Dale asks: Why should I believe the right wing Cato Institute over the Congressional Research Service?

Congress has the power to repeal or amend proposals of IPAB, if it acts in reasonable time frame. So if it does not, it is the fault of Congress for doing nothing. There is a price for a Congress which does not understand its constitutional mandate to make laws, not to block them or do nothing.

I think fear of healthcare is the new form of paranoia. God, please don't ram healthcare down my throat! Healthcare is tyranny, etc.

In fact, the Healthcare Act is a conservative invention of the Heritage Foundation and has been promoted by pols like Gingrich and Romney (who established it in Mass). Since the very popular public option was eliminated by the conservatives in the Senate, the plan has become unpopular, as it has no effective way to reduce costs and gives the private industry, which adds nothing to the value of healthcare but has been taking 1/3 of the trillions yearly spent (twice to three times more than the other 35 peer nations with national programs) 30 million new captive customers, and will now be limited to only 20% overhead. Medicare, by contrast, has an overhead of 2-3%.

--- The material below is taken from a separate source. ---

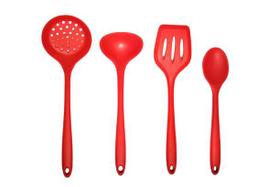 Kit 4 Peças em Silicone Vermelho Livre de BPA - UnyHome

A more apt name would be Conservacare. If there was a public option, the plan would have high approval (between 60-80% of Americans wanted the choice of a public option).

It's not that government has taken over healthcare (it hasn't: growth under the Act will grow from current 44% govt healthcare (medicare and medicaid) to 47%. But the private non-productive and parasitical private industry will have 30 million new govt-subsidized customers to fleece.

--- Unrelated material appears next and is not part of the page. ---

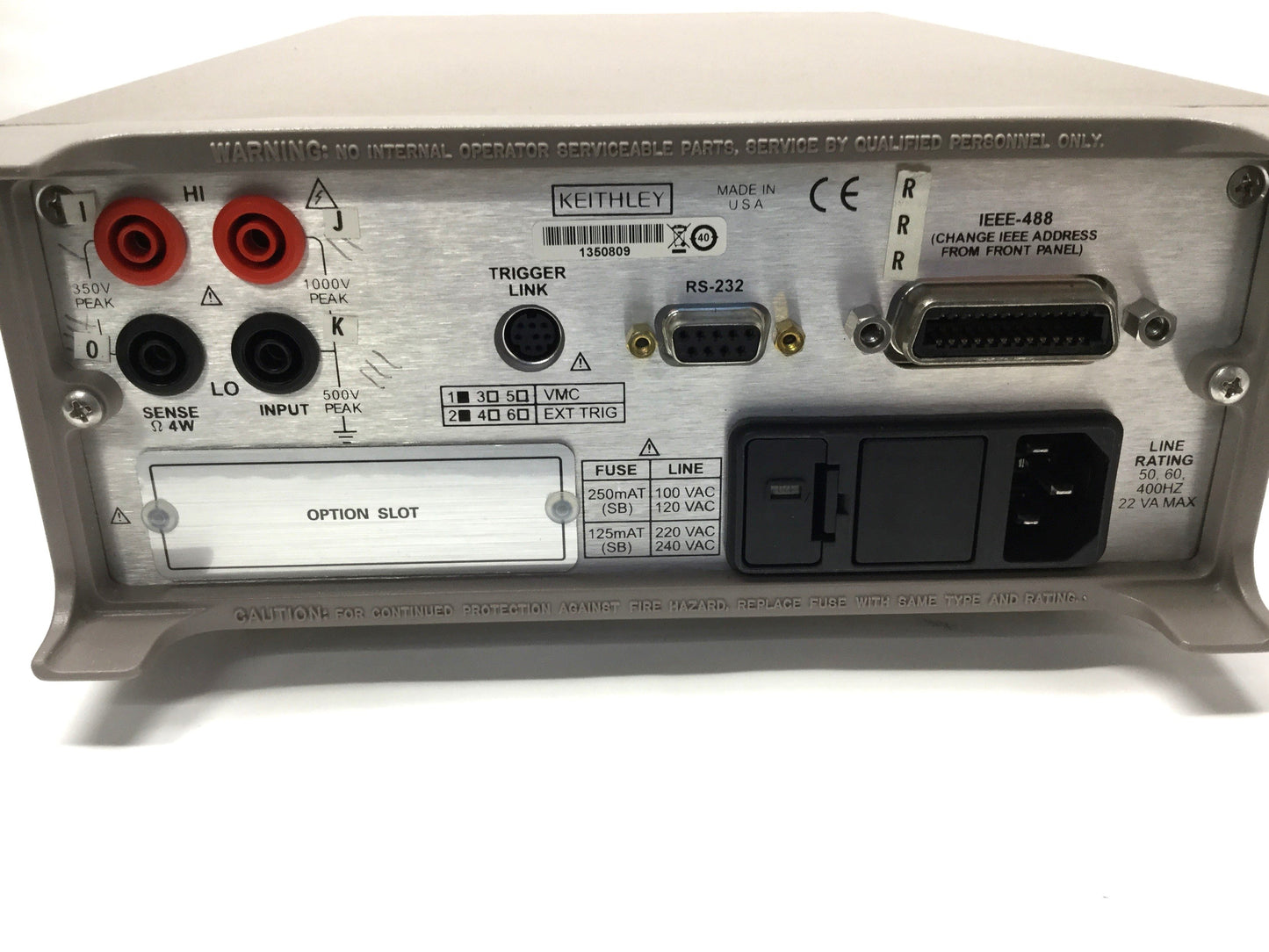 Used Keithley 2000 6.5-Digit Digital Benchtop Multimeter DMM, IEEE-488 GPIB RS-232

This article is propaganda for the conservative attacks on a program they invented; in fact they love it (when the bill passed, the insurance industry rallied on Wall St. hooray).

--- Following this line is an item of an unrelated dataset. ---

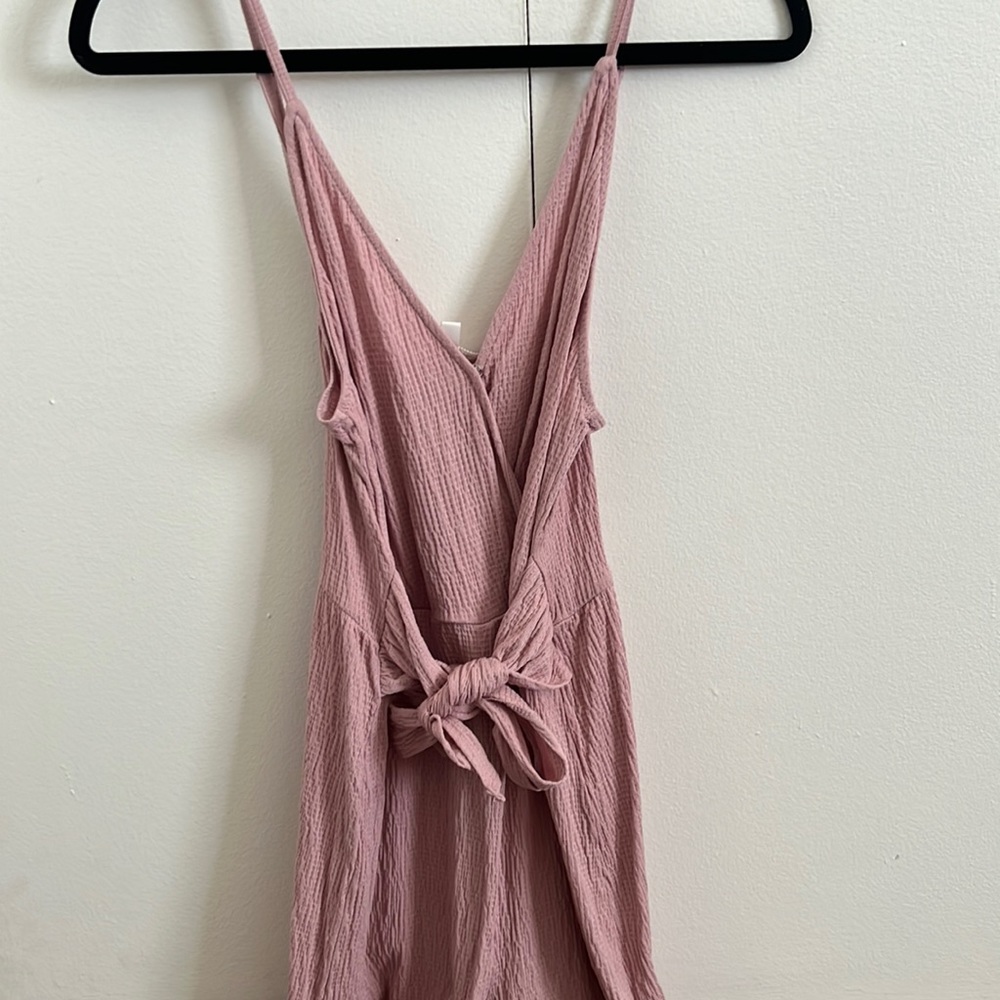 Baby pink romper.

Once again, a gift to the private tycoons who drain off nearly 1/3 of our healthcare money is portrayed as a threat....to delude the dupes who will benefit from healthcare but are brainwashed to hate it. I hate healthcare! Who needs it! I can treat myself, like any self-reliant individualist.

What a tragedy. We know what works: single payer is 1/2 to 1/3 cheaper with better results and can either be socialized (doctors work for govt as in VA or UK) or not (as in most single payer systems, where doctors and hospitals are private, as in Medicare).

There are over 35 successful models to learn from. Only an idiot (nation) would refuse to learn from such vast experience. Tragic. And so we die younger, live sicker, and pay more. And fear the very program which will give us better health at a lower cost.

The above article is a propaganda piece which fails to provide any evidence for its assertions and chooses a most partisan source as its authority. The solution, given the conservative gutting of a public option, is for individual states to have single payer systems.

This is how it started in Canada, and not even the conservative leaders (in any of the 35 peer nations) are willing to suggest dismantling a system which costs the Canadians half as much (and no workers comp to burden business) and with better health results. Better/cheaper: only massive propaganda lies can argue against that.

Anonymous said...

That's putting a lot of trust in just one person. Power continues to be centralized to just a gesture of the president. There really needs to be a national referendum for the people to decentralize this power.